- _TASK DESCRIPTION_
Extract only the first line of the listing and every line after it up to and including the one with "Three main phone". Omit the pictures.

- _RAW DATA_
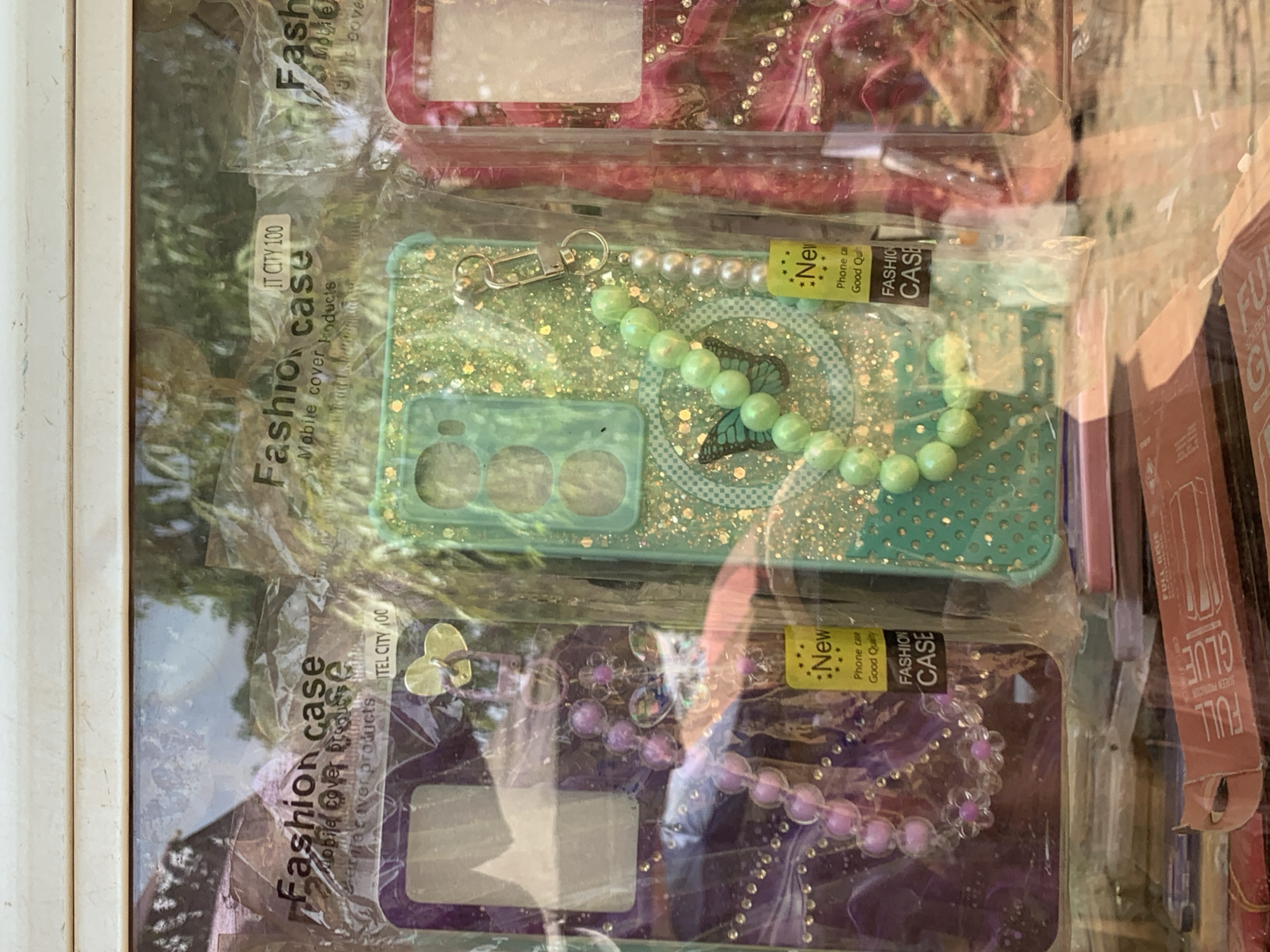 This close-up image presents a display of colorful smartphone cases, likely for sale in a market stall or shop in Ilorin, Nigeria. The cases are individually sealed in clear plastic packaging.
Three main phone cases are visible. The top case is a reddish-pink, embellished with small, glittery accents or rhinestones. Below it, a light green or mint-colored case features a sparkling glitter finish and a central butterfly design. This green case is accessorized with a string of matching light green beads and some pearl-like beads, attached with a metal clasp. The bottom case is purple, also with a glittery texture, and includes a purple beaded strap and a small golden heart-shaped charm.
Visible text on the packaging provides product information. Labels repeatedly feature "Fashion case," "Mobile cover products," and "IT CITY 100." Yellow tags on the middle and bottom cases state "New," "Phone case," and "Good Quality," along with "FASHION CASE." To the right, partial packaging for "FULL GLUE SCREEN PROTECTION" indicates other phone accessories are available. The scene is brightly lit, suggesting daytime.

- _EXERCISE ANSWER_
 This close-up image presents a display of colorful smartphone cases, likely for sale in a market stall or shop in Ilorin, Nigeria. The cases are individually sealed in clear plastic packaging.
Three main phone cases are visible. The top case is a reddish-pink, embellished with small, glittery accents or rhinestones. Below it, a light green or mint-colored case features a sparkling glitter finish and a central butterfly design. This green case is accessorized with a string of matching light green beads and some pearl-like beads, attached with a metal clasp. The bottom case is purple, also with a glittery texture, and includes a purple beaded strap and a small golden heart-shaped charm.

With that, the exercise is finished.